Dans ce roman, la question du contact avec les populations indiennes est très importante. On y voit s’ébaucher l’évolution des rapports entre populations espagnoles nouvellement arrivées et les différentes populations indiennes. A Cuba, les Indiens sont décimés et n’ont peu le droit à la parole. En revanche, les Espagnols sont surpris par l’organisation militaire des Aztèques et leur maîtrise du territoire. Un motif d’effroi et de dégoût est la découverte des rituels de sacrifices humains et d’ «idolâtrie ». De nombreux moments les évoquent et montrent également la réaction des Espagnols qui imposent de rendre des cultes à Marie et à Jésus. Pour autant, le narrateur, découvrant des tâches de sang sous la statuette de Marie est bien conscient que les formes traditionnelles de la religion sont conservées. Les épisodes les plus marquants sont ceux pendant lesquels le narrateur découvre le temple, en décrit les puanteurs, l’effroi du sang et des personnages jetées dans l’escalier chaque matin comme sacrifice au Dieu Soleil.

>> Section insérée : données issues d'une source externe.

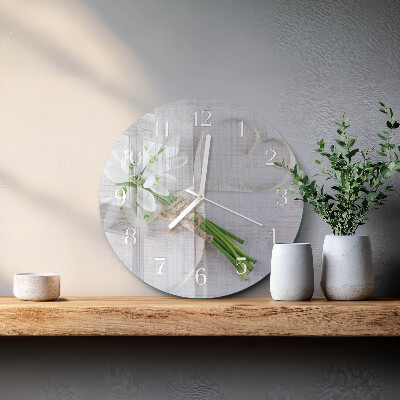 Glas wanduhr Blumenstrauß
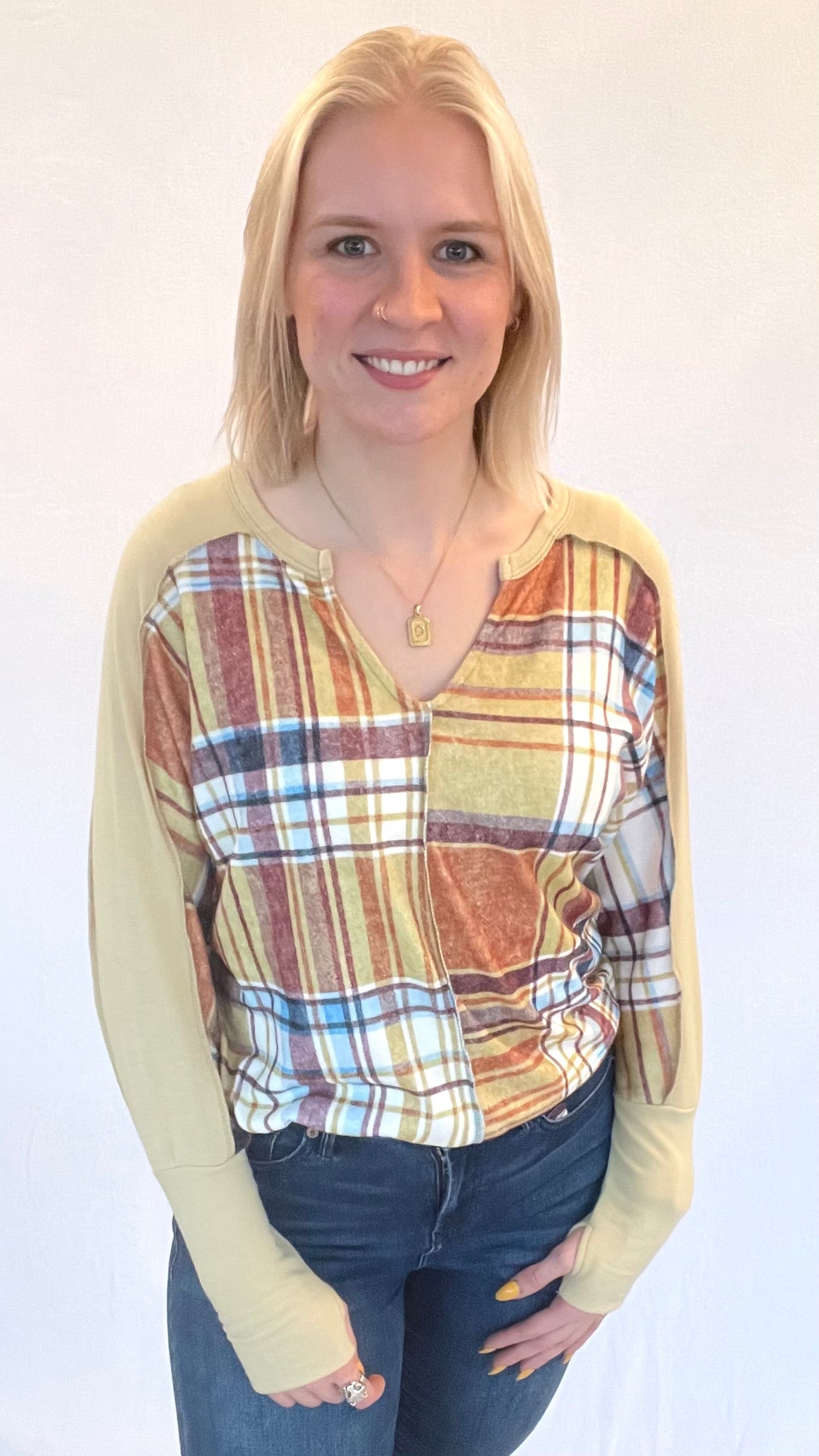 Brushed Hacci Knit Plaid Top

Les récits de conquête sont ponctués de textes indiens marquant leur mesure du temps et donnant leur point de vue sur les Espagnols. On peut y constater l’importance et la qualité du réseau d’information que les Aztèques possédaient. Ainsi étaient-ils informés de l’arrivée des Européens sur le sol mexicain. Par ailleurs, dans ces différents textes, les Indiens portent un regard très méprisant sur ces hommes qui ne semblent pas en être. Ils méprisent les cadeaux qu’ils leur font, pensent qu’ils devraient mourir de honte d’être si pauvres et considèrent leur victoire rapide et assurée. Cette mise en perspective évoque les travaux de Serge Gruzinski qui avait utilisé des textes en nahuatl pour montrer la vision que les Indiens portaient sur ces conquistadores espagnols. Un des rares textes en nahuatl du roman est un poème d’amour que Elvira, l’épouse indienne renommée par Juan de Luna lui enseigne à la fin du roman. Car, de fait Juan de Luna reste fidèle à la femme indienne qui lui a été donné lors d’un échange. Il éprouve pour elle un amour sincère et noble au point de la chercher pendant les batailles et de finir par l’épouser, au contraire des autres espagnols qui épousent plus tard des Espagnoles. Le livre se termine par le décès d’Elvira et la naissance de leur enfant métis, qui symbolise le Mexique métissé, syncrétique et mélangé des deux peuples.

Pour conclure, il est possible de penser à une exploitation pédagogique de cet ouvrage. Des extraits de ce roman peuvent ainsi être utilisés en classe de Seconde dans un travail sur la ville de Tenochtitlan car on y trouve de belles descriptions de la ville ou dans une étude sur la conquête elle-même et sa violence en lien avec des documents historiques indiens ou espagnols. Il peut également donner lieu à un travail en interdisciplinarité avec les professeurs de lettres dans le thème du rapport à l’Autre. Ceux-ci utilisent parfois les Essais de Montaigne ou la controverse de Valladolid. Enfin, un travail est également envisageable avec les professeurs d’espagnol qui travaillent sur les notions de « mythes et héros », de « lieux et formes de pouvoir » et d’« espaces et échanges ». Cette histoire de la conquête espagnole brasse ces trois notions.